Il est 10h40, elle débarque dans l’open-space, jette un bonjour tout le monde, puis se pose dans le canapé avec son laptop. Plus exactement, son enveloppe charnelle débarque. Car Camille « n’est pas du matin« . Elle bosse souvent tard le soir, mais pour ses collègues, elle passe toujours pour « celle qui arrive à 10h40« . Ton oeil de manager a bien noté que l’oiseau de nuit arrive précisément à 10h40. Elle habite loin, et elle doit bien se lever à une heure précise… Mais bon, elle arrive toujours après les autres. Et elle reste souvent une heure après, ce que les autres ne voient pas (évidemment). Sans même parler de ses résultats qui sont excellent, à la limite la seule chose qui compte vraiment non ?
A côté d’elle il y a Erwan, jeune papa, qui pour le coup, fait souvent l’ouverture à 8h30, disparaît entre midi et deux, et reste artificiellement jusqu’à 17h01 « pour ne pas être le premier à partir« . Lorsque notre client favori décide de faire une réunion à 17h, forcément il est parti. A Paris on aime bien ça nous les réunions à 17h. Souvent on ne sait pas trop de quoi on va parler. Et souvent la réunion commence à 17h10 le temps de trouver tout le monde.

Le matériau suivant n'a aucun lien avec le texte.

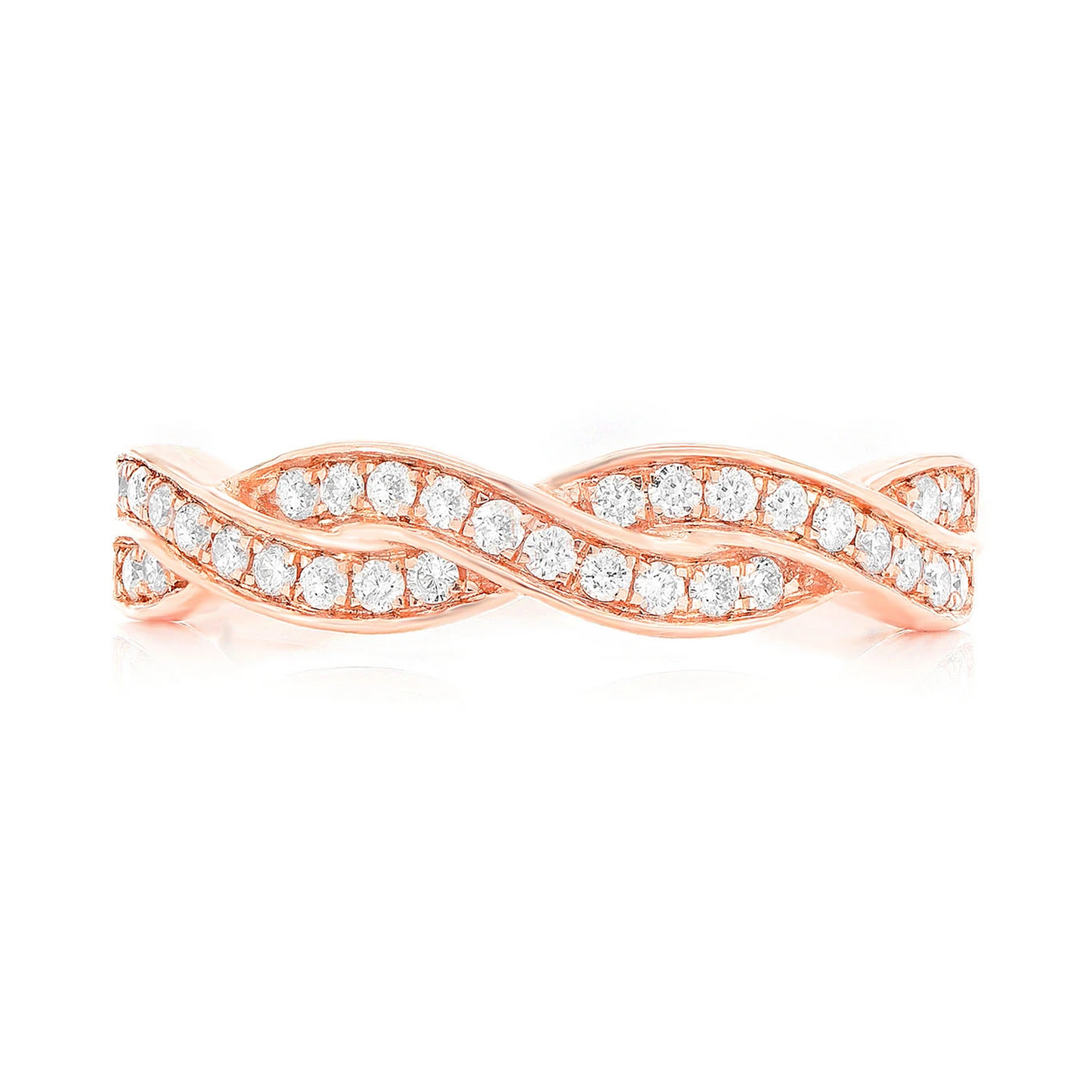 Woven Stackable Diamond Ring in 14K rose gold, front view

Mais bon, Erwan il s’en fiche, il est déjà parti, et il a peut-être raison.
Il s’agit de 2 personnages fictifs, mais soyons clair, des personnages que vous avez très certainement croisés dans votre carrière.
Pourquoi faut-il encore venir à des heures fixes au bureau ? Dans les années 90, les gens n’avaient pas de téléphone portable, pas d’ordinateur portable. Cela pouvait encore avoir un sens. Mais là, au nom de quoi faut-il que je vienne à une heure précise ? Si je suis pas du matin ? Si au contraire je préfère démarrer tôt et finir plus tôt dans l’après-midi pour profiter d’une deuxième vie après le travail ? Et si je n’ai pas la pêche un jour, pourquoi se forcer à venir ?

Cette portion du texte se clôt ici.